The trailer spotlights the heavy damage inflicted by the aliens in graphic detail. But it doesn't end there: the clip continues, showing how humans fight back, ending on a note of sci-fi optimism. The money shot is a fleet of spaceships in the sky, a visual that suggests exploration, escapism, excitement, and adventure.
Now watch this trailer for The Amazing Spider-Man 2, a movie for younger audiences about a comic book superhero, also with a massive building-destroying moment.
Now it's the money shot! The final image in a trailer is supposed to prime the audience to see the movie, which is why it used to be often a heroic or funny moment that sticks with audiences. Now, money shots are the collapse of buildings. People want to see this, otherwise people wouldn't be making these marketing decisions. People wouldn't make sure that, even though these movies take place on our massive planet Earth, the characters must migrate to a crowded, dangerous city, where thousands can be slaughtered and million of dollars in collateral damage can occur.

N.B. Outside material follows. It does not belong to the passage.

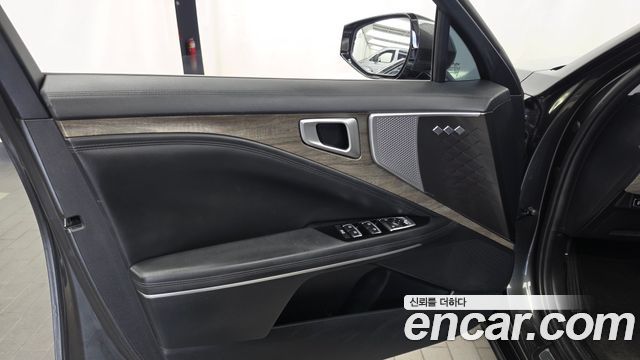 Kia K8 2023 — photo 14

And this is BORING. How many times have we seen this? How many building can we watch completely collapse and fall to the ground, killing faceless thousands? We're beyond the hand-wringing over whether this level of violence is appropriate or not. People live in other places, and extraordinary things happen in these places. In fact, this weekend presents X-Men: Days Of Future Past, the latest entry in a franchise that so far hasn't suffered the need to overdo crashing buildings. That movie has action sequences in wide-open fields and crowded futuristic temples, and even travels through time once or twice. How novel.
Our blockbuster vocabulary needs to change, and it needs to change now. Many of the major cities have been destroyed on film already, some twice and three times. We're not gonna watch this again, folks: there are no new ways to watch skyscrapers bend, particularly if the effects animators are taking cues from real life. Maybe you need new locations. Maybe the movies need better writers. Maybe studios just need to realize that villainous chaos need not always take the form of crushed marble and ceramic. Perhaps there's a lesson in Chris Nolan's Interstellar, which forgoes cities entirely to center on a farm location, and then deep space in its recent trailer. "We're not meant to save the world," one character says. "We're meant to leave it." And with the amount of destruction to these cities by the major studios, we might not even have a choice.